Broader formats and tasks
- Support longer free-form answers by pairing template constraints with better evaluators.
- Extend to multi-turn dialogue reasoning, tool use, or multimodal inputs where verifiability is still possible (e.g., code execution, table checks).
Efficiency control
- Integrate explicit thinking-length control (cf. L1-style methods) alongside the observed emergent token efficiency to further reduce inference cost without hurting accuracy.
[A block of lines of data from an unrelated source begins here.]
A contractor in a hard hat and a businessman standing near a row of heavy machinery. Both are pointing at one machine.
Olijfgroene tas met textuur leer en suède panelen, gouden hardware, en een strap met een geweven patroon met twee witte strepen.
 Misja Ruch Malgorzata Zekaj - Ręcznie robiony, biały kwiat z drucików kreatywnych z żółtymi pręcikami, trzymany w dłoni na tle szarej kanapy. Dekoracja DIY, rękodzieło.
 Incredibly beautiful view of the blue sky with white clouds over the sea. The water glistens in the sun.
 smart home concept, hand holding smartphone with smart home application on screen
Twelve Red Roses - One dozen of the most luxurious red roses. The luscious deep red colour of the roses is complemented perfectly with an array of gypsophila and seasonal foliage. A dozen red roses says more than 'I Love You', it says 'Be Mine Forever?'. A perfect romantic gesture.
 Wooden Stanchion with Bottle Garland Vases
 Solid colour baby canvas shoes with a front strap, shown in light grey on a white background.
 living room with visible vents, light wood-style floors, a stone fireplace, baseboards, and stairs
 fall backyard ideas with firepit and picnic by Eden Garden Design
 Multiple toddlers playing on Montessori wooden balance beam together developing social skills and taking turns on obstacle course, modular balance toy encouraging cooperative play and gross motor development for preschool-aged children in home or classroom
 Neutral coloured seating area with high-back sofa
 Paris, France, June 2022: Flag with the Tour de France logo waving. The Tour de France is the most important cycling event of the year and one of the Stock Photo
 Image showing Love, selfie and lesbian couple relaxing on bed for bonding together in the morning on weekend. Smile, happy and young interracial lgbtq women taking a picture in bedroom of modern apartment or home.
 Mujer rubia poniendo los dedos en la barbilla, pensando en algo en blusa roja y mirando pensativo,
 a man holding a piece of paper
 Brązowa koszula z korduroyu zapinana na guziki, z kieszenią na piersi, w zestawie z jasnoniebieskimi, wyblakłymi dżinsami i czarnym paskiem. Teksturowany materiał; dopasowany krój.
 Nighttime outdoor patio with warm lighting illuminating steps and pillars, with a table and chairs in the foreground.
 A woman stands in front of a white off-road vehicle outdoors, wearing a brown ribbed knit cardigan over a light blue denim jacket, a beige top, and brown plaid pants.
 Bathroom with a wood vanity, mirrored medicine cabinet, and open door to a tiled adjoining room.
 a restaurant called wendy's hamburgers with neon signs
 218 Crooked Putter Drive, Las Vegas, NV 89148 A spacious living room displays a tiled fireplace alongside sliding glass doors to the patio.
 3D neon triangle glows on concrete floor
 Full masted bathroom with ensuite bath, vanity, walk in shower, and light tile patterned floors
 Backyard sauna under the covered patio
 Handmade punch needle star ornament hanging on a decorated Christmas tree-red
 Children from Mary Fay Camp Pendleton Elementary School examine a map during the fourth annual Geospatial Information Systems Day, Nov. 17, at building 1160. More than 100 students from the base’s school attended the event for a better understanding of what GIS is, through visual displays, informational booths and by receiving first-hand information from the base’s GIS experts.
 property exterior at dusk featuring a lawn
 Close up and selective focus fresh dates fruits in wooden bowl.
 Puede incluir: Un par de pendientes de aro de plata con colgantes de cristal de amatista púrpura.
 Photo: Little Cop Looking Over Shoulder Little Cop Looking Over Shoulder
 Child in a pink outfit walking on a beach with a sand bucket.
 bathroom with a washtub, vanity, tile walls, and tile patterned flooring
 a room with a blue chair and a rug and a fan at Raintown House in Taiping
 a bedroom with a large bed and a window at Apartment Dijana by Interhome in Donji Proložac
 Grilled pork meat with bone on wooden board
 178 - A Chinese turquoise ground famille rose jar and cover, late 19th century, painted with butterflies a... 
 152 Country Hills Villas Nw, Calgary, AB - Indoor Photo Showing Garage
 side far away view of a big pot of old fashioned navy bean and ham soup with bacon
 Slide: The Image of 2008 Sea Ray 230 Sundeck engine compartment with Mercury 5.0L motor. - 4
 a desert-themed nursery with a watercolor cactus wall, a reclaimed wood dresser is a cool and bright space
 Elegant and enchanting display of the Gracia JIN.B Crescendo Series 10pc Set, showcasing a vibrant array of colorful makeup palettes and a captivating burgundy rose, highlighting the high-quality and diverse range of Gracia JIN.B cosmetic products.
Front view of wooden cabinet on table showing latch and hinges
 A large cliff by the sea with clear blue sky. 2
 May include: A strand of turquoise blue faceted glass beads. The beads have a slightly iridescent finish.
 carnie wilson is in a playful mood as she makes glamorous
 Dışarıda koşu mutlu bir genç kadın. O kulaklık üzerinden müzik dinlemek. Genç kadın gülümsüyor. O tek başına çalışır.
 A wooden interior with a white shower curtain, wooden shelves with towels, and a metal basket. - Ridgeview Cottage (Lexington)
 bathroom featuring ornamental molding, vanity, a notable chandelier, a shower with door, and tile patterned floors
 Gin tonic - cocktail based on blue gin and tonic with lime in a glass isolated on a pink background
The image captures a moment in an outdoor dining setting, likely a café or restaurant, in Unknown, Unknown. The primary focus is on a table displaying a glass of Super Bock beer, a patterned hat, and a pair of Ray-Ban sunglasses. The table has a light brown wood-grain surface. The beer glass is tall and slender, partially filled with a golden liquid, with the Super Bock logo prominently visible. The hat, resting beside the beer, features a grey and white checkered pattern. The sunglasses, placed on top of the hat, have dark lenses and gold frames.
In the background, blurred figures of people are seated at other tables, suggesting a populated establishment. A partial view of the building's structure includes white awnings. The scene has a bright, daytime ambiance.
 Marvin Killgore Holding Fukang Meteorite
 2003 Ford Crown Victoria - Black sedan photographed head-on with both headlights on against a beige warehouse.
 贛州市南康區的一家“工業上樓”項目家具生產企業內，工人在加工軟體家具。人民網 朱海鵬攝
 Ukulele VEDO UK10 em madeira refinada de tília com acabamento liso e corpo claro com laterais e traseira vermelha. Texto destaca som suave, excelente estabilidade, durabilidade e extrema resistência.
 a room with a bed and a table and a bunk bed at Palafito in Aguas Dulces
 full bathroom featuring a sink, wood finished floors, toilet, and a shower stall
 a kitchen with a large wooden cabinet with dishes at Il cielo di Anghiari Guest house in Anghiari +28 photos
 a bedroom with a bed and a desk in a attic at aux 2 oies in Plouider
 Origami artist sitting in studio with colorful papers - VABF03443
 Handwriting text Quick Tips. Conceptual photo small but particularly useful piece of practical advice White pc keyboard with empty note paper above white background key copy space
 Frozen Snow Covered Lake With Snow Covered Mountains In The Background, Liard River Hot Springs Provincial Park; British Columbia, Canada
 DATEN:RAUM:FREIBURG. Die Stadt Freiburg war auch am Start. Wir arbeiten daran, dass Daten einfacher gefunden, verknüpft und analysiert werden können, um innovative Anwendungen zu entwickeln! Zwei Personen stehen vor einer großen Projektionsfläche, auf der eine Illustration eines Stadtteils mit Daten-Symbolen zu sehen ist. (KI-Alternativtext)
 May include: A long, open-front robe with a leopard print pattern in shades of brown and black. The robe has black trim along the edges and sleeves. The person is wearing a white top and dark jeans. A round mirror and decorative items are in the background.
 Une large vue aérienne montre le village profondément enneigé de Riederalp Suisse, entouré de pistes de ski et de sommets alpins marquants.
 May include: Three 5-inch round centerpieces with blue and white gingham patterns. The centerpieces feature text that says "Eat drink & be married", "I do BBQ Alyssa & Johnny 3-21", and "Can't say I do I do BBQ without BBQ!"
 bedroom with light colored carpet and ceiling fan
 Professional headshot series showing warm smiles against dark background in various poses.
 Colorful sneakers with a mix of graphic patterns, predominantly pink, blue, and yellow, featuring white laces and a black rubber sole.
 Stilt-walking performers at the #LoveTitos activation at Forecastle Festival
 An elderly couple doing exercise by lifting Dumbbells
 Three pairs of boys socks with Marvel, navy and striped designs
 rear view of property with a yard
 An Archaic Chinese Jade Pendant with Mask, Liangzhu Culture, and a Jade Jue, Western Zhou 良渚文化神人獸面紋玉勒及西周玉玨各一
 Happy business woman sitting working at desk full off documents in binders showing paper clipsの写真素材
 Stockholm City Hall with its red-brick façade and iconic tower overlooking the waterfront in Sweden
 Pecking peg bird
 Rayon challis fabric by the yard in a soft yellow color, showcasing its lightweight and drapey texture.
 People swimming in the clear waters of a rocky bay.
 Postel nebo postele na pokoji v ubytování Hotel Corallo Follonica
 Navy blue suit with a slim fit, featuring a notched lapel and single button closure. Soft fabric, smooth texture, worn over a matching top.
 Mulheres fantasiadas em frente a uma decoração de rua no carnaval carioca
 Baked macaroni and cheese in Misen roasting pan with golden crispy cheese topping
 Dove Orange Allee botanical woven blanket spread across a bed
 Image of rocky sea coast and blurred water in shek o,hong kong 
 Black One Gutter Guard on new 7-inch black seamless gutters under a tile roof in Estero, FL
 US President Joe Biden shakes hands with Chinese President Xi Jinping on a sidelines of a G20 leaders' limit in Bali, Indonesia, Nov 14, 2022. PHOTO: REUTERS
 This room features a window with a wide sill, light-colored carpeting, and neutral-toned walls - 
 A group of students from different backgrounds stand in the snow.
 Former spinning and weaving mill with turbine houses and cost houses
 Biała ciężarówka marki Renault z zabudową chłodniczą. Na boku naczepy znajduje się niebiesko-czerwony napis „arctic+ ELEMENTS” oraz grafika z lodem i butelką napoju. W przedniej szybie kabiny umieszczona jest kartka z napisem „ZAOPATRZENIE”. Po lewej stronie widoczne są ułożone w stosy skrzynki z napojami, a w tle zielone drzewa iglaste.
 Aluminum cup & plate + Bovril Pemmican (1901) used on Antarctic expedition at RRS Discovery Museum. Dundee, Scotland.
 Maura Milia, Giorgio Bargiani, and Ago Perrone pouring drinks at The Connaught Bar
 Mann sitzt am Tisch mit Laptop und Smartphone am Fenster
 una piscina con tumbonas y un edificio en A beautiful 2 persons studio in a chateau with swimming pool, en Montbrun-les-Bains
Block-quoted highlights - Overall blend performance:

Table 4: Bgpr↑ (2:1 general-purpose:math) achieves the top average accuracy (58.12), outperforming ORZ (55.20) and single-domain blends.

Template advantages:

Table 5: Training with all open-ended questions improves average accuracy by +1.21% over mixed MCQ+open-ended.
Table 6: Short-form MCQ answers outperform long-form by +1.20% on average.
Difficulty filtering at scale:

Table 7: On Qwen2.5-32B, filtering to “hard” examples yields 67.99 average vs 65.84 unfiltered (+2.15), and both exceed the base model (54.33).
Token efficiency:

Figure 3 and Appendix Table 9: Bgpr↑ reduces mean tokens for correct GPR answers by 39.6% vs math-only and 65.4% vs ORZ, while remaining appropriately verbose on math tasks.

In sum, NEMOTRON-CROSSTHINK offers a clear and effective recipe for taking RL-based reasoning beyond math: constrain outputs so rewards are verifiable, curate and filter multi-domain data, blend it strategically, and optimize with GRPO. The result is a more accurate and more efficient reasoner across a wide range of tasks.